Soundtrack album by Kow Otani
- Released: December 12, 2001
- Recorded: October 2001
- Studio: Toho Studios
- Genre: Electronic; techno; orchestral;
- Length: 57:35
- Language: Japanese
- Label: Tokuma Japan Communications [ja]
- Producer: Kyoko Kitahara

= Godzilla, Mothra and King Ghidorah: Giant Monsters All-Out Attack (soundtrack) =

2001 soundtrack album by Kow Otani

Godzilla, Mothra and King Ghidorah: Giant Monsters All-Out Attack (Original Soundtrack) is the soundtrack album to the 2001 Japanese kaiju film Godzilla, Mothra and King Ghidorah: Giant Monsters All-Out Attack, composed by Kow Otani, a frequent collaborator of the film's director, Shusuke Kaneko. Otani created a distinctive score that blended orchestral and electronic elements with techno influences, deliberately avoiding Akira Ifukube's Godzilla style and his own earlier Gamera scores. He drew inspiration from the progressive rock band Goblin and his own score for Shokoki! (2001).

The original soundtrack album, featuring 36 tracks from the film score, was released on December 12, 2001, by Tokuma Japan Communications and runs for 57 minutes. In April 2010, Toho Records released an expanded edition that runs approximately 75 minutes and includes bonus tracks and demos.

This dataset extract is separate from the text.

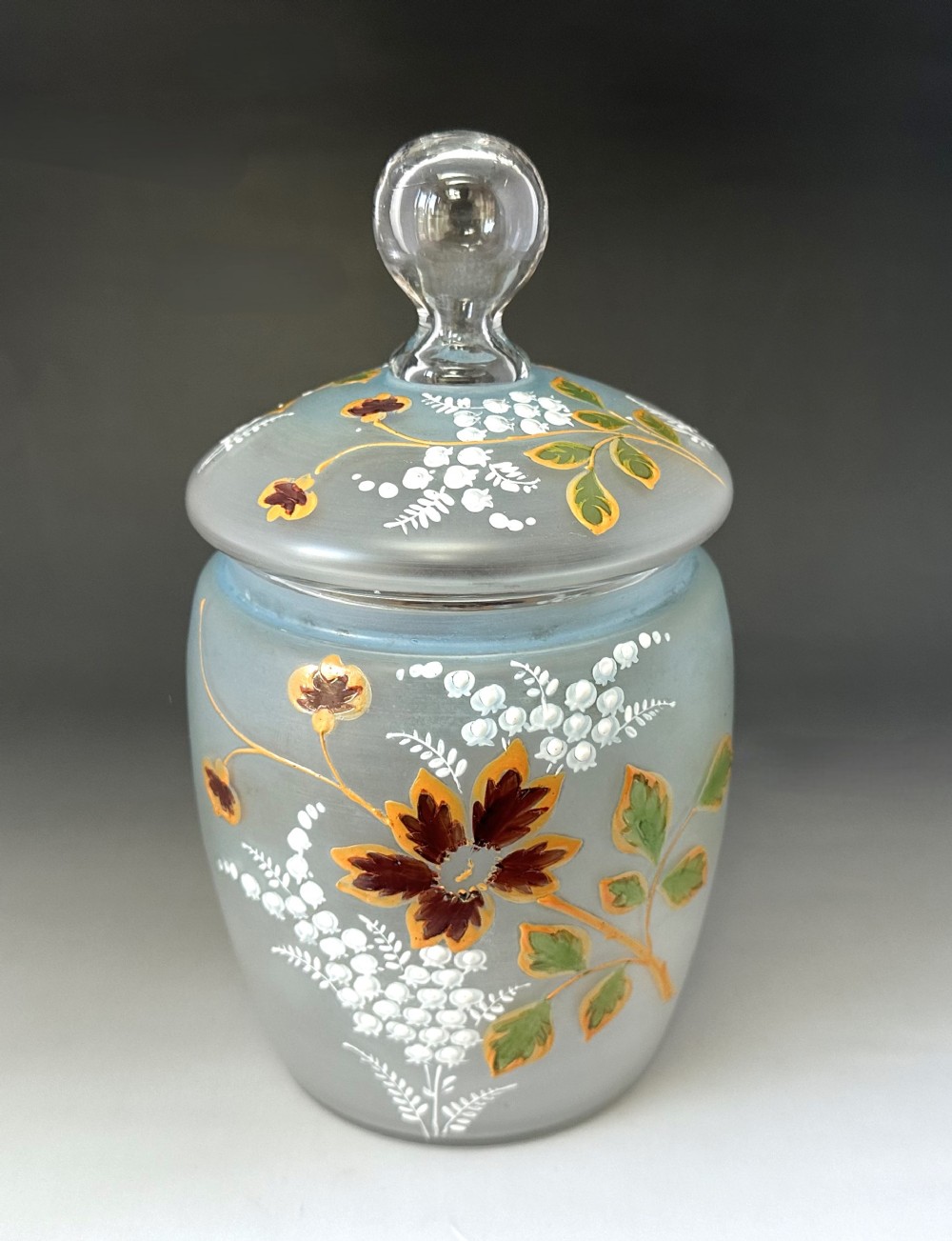 A lovely enamel painted Victorian glass biscuit barrel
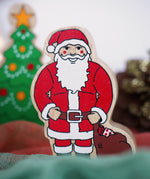 Lanka Kade handcrafted wooden toy figure of Santa Claus, painted in traditional red and white attire with a black belt and boots, holding a brown sack.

== Background and recording ==
The film's composer Kow Otani was a frequent collaborator of director Shusuke Kaneko at the time. Otani sought to create a distinctive soundtrack that avoided direct imitation of the iconic compositions of Akira Ifukube, whose work had defined many previous Godzilla films, while also distinguishing it from his own scores for the Heisei Gamera trilogy. He consciously refrained from using any melodic phrases reminiscent of his Gamera compositions to avoid criticism of self-imitation, which he described as a significant creative challenge. Otani was actively working on the GMK score several months before recording sessions began.

Unlike the grand orchestral scores of the Heisei Gamera series, GMK prominently featured electronic instruments and a techno-influenced style. Otani initially considered evoking a Japanese worldview akin to that of composer Tōru Takemitsu, but after reading the script, he deemed this approach unsuitable. Instead drew on the electronic and techno elements from his previous film Shokoki! (2001). For additional inspiration, he drew from the Italian progressive rock band Goblin, known for their horror and suspense film scores. He was introduced to Goblin's music by Norman England, a set reporter who covered the production of GMK.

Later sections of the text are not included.